SWR4 Abendgedanken
„Es ist ja so, dass in uns allen immer ein Heimweh ist.“ Eine Freundin von mir hat das neulich in einem Gespräch so gesagt. Ich weiß gar nicht, ob alle am Tisch mitbekommen haben, was für eine große Einsicht sie da so gelassen ausgesprochen hatte.
„Es ist ja so, dass in uns allen immer ein Heimweh ist.“ – In der Bibel heißt es, dass wir nur Gast sind auf diesem schönen Planeten, weil wir alle einmal bei Gott ankommen sollen, im Himmel, wo wir zu Hause sind, in der Ewigkeit, in der himmlischen Heimat, im Paradies, in der Gegenwart Gottes, in der Liebe, die nie vergeht. Es gibt so viele Bilder für das Ziel, auf das unser Leben hinführt. Hier und jetzt kann ich immer nur ahnen, wie das sein wird. Es gibt nur Abbilder, einen Vorgeschmack. Erst wenn ich angekommen bin, weiß ich, dass ich das Ziel meiner Sehnsucht erreicht habe.
„Es ist ja so, dass in uns allen immer ein Heimweh ist.“ – Ich habe das weitergedacht: Nation, Volk, Staat, wegen mir auch „The Länd“ – das ist alles vorläufig.
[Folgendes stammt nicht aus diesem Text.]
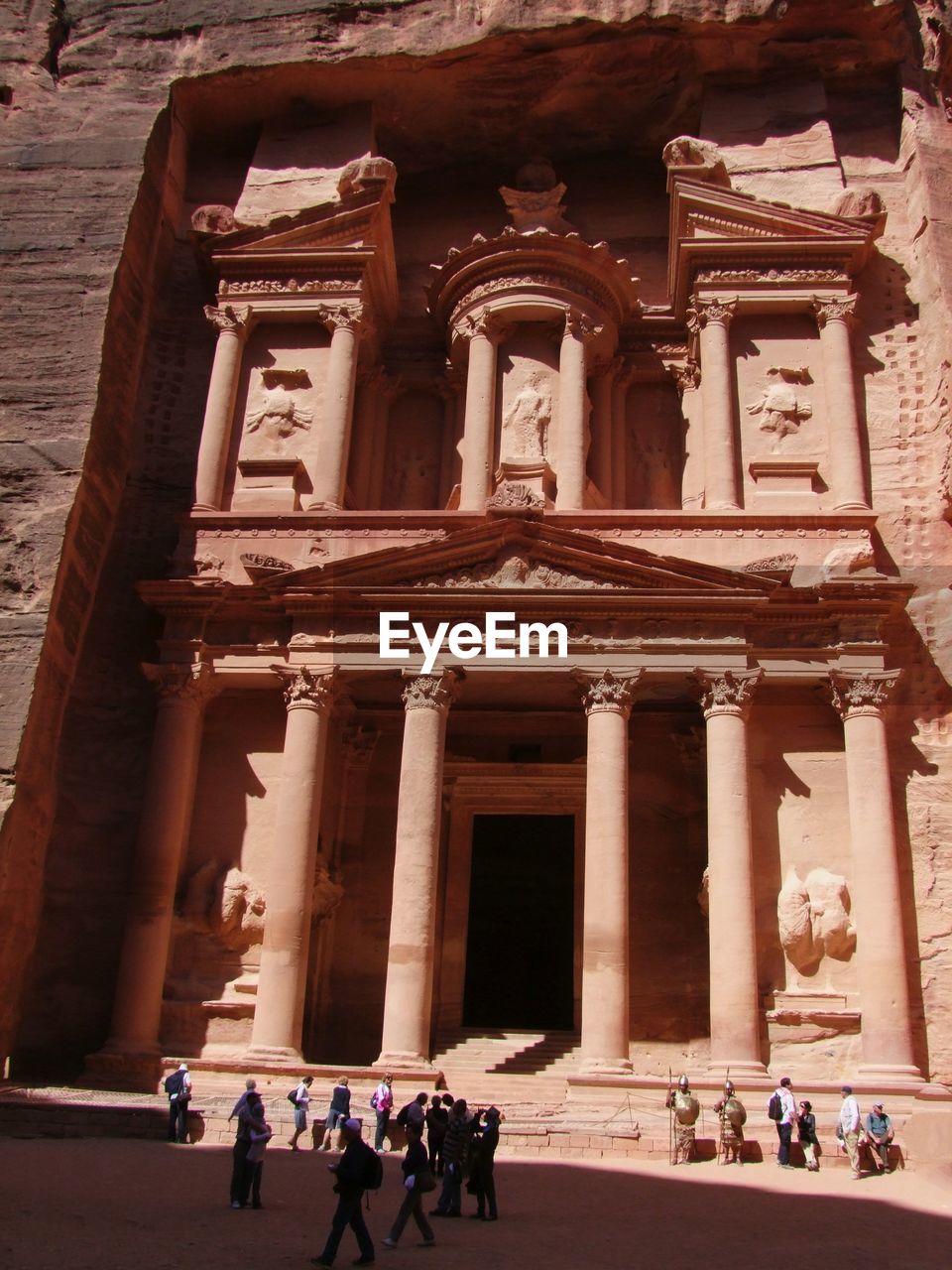 Group of people in front of historical building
Das kann diese wirkliche Heimat gar nicht ersetzen!
Trotzdem versuchen es so viele. Warum verehren so viele Menschen ihr Herkunftsland so sehr? Warum müssen sie ihre „Heimat“ so hervorheben? Ja, das hat bestimmt etwas damit zu tun, dass gerade dieses Land einem so vertraut ist. Aber warum freut man sich dann nicht einfach daran? Warum soll „das Reine“ erhalten werden? Was hat es mit dem Nationalstolz auf sich? Ich erlebe das bei Menschen aus aller Welt: Ob Kameruner oder Deutscher, ob Albaner oder Schwabe – spätestens beim Fußball merkt man es deutlich. Warum soll die Heimat sogar gegen andere abgeschottet werden? Soll dieser vorläufige Ort, sollen Nation oder Volk dadurch etwas „Ewiges“ bekommen? Könnte es sein, dass darin etwas anderes, eine Sehnsucht steckt? - „Es ist ja so, dass in uns allen immer ein Heimweh ist.“
Mein Heimweh vergeht nicht, wenn ich versuche, meinem vorläufigen Aufenthaltsort etwas Ewiges zu verleihen. „Es bleibt ja so, dass in uns allen immer ein Heimweh ist.“
Also nehme ich es, wie es ist. Ich muss wohl den Schmerz aushalten, dass ich nicht nur fast überall Ausländer bin, sondern überall nur auf der Durchreise - bis ich in der wirklichen, meiner himmlischen Heimat angekommen bin.